Exercise description
Among the records below, find the lines with the word "Casual" and copy them.

(Short descriptive text snippets)
====

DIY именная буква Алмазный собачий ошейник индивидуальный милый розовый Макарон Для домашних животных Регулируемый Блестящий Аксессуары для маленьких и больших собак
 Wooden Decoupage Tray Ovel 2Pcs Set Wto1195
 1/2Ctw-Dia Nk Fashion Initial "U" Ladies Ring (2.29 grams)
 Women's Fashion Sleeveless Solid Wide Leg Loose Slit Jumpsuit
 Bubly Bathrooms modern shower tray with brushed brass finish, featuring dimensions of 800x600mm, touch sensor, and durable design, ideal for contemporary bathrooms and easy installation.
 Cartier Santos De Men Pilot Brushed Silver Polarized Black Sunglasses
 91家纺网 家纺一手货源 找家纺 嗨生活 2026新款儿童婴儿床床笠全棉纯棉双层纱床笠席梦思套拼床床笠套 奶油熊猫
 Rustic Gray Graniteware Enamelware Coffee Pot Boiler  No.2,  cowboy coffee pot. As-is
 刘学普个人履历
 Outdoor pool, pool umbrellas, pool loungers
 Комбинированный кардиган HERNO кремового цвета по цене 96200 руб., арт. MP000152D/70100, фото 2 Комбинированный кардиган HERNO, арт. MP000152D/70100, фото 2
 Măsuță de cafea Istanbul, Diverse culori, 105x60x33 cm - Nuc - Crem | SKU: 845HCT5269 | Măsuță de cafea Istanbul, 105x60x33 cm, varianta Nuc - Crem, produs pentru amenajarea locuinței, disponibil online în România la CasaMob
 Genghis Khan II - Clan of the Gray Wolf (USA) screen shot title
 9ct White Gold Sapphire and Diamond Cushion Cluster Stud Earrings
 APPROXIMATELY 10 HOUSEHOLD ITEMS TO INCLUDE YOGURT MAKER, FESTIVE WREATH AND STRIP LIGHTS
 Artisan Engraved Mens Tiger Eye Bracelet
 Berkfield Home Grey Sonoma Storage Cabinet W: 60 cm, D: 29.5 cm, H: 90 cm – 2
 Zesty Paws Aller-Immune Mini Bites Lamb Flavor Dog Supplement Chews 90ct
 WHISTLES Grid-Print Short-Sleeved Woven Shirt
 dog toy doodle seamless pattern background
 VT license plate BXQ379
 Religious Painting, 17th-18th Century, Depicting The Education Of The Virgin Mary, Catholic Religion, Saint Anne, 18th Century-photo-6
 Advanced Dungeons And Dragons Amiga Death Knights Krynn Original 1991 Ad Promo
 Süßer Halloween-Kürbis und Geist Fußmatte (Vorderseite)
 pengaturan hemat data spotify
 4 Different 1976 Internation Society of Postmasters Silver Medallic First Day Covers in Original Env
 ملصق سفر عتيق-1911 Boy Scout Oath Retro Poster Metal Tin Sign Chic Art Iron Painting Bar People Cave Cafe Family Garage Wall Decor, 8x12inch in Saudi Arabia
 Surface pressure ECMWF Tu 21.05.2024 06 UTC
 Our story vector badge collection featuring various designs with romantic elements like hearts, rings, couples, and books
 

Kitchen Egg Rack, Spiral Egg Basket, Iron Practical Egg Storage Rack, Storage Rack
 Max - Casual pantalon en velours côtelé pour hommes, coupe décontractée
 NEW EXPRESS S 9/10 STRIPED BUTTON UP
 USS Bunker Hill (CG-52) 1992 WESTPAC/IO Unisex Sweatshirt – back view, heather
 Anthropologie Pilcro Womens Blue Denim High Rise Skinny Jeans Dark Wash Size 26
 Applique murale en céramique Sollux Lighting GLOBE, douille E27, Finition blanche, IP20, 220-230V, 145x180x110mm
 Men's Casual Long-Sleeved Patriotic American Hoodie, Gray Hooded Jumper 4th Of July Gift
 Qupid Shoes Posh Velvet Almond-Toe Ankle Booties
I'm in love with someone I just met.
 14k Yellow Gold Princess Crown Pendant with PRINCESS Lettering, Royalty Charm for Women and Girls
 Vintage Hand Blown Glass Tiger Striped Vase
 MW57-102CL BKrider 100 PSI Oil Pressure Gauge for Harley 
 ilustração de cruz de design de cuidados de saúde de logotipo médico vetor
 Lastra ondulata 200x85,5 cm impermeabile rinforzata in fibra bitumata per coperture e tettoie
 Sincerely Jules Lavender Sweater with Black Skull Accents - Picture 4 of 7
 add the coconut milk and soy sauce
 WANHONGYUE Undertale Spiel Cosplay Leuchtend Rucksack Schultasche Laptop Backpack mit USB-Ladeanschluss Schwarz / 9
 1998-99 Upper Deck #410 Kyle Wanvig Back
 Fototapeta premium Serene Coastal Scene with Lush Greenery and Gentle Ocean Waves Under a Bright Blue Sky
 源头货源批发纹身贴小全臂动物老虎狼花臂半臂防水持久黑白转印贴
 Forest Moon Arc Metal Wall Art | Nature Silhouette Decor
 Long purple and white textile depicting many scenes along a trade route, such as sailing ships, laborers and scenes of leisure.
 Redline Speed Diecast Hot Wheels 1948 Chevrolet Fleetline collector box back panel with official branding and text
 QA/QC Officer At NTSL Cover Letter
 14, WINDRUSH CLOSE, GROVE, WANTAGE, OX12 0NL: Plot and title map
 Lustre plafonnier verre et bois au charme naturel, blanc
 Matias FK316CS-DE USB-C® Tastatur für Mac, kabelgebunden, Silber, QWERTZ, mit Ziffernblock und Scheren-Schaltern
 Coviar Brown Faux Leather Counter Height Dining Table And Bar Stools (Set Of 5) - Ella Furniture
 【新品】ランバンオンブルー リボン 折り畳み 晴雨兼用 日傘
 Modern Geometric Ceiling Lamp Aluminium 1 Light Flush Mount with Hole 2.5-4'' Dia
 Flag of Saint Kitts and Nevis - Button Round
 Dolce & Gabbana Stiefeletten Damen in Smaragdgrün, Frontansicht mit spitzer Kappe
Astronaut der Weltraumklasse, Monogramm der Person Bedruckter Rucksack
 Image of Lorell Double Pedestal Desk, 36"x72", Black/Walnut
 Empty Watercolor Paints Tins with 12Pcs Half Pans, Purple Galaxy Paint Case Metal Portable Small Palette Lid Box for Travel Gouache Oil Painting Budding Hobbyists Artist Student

====

Answer box
 Max - Casual pantalon en velours côtelé pour hommes, coupe décontractée
 Men's Casual Long-Sleeved Patriotic American Hoodie, Gray Hooded Jumper 4th Of July Gift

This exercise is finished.